— Goal of the exercise —
The listing must be copied out in full and exactly; no images go with it.

— Stored data —
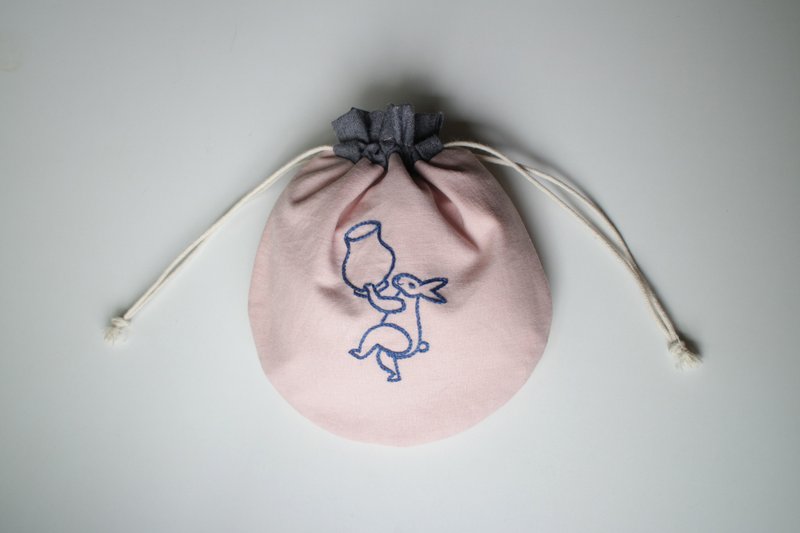 兔子扛大花瓶 刺绣束口袋 / 粉红布 蓝绣线 - 化妆包/杂物包 - 棉．麻 粉红色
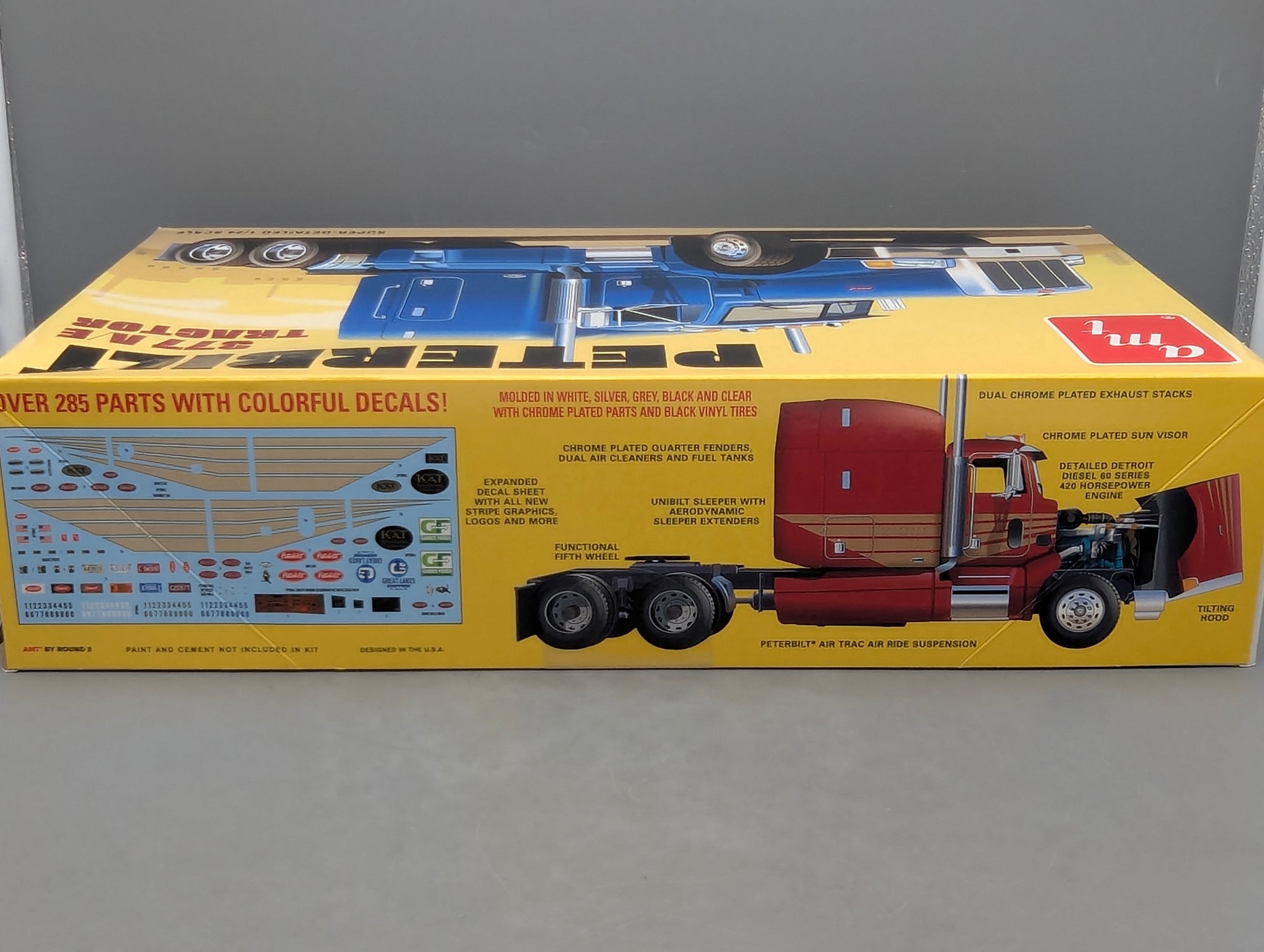 LKW Modell Bausatz 1:24 amt Round2 Peterbilt 377 A/E Tractor Zugmaschine mit OVP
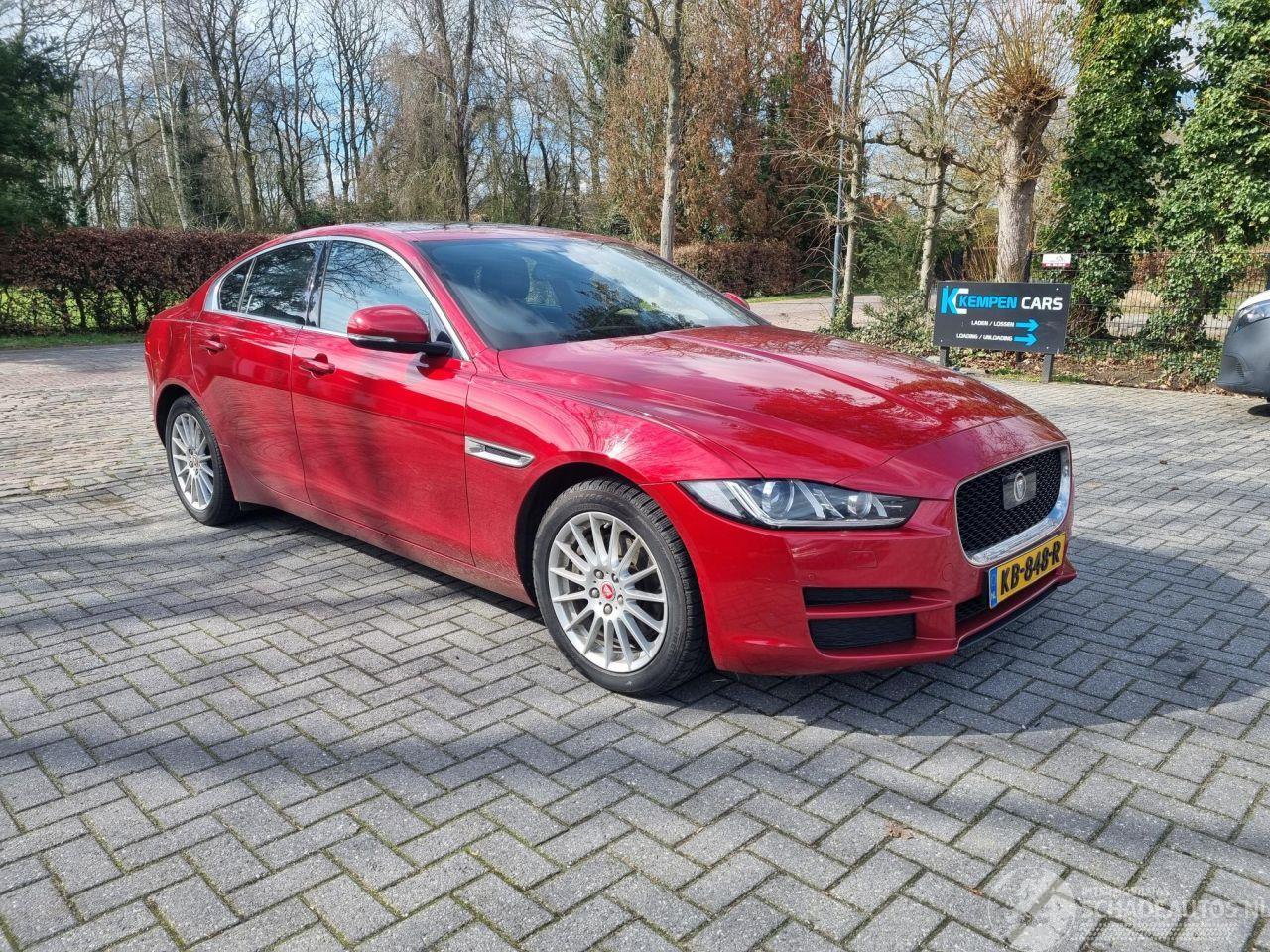 Jaguar XE 20d E-Performance Portfolio Pano Navi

— Exercise solution —
 兔子扛大花瓶 刺绣束口袋 / 粉红布 蓝绣线 - 化妆包/杂物包 - 棉．麻 粉红色
 LKW Modell Bausatz 1:24 amt Round2 Peterbilt 377 A/E Tractor Zugmaschine mit OVP
 Jaguar XE 20d E-Performance Portfolio Pano Navi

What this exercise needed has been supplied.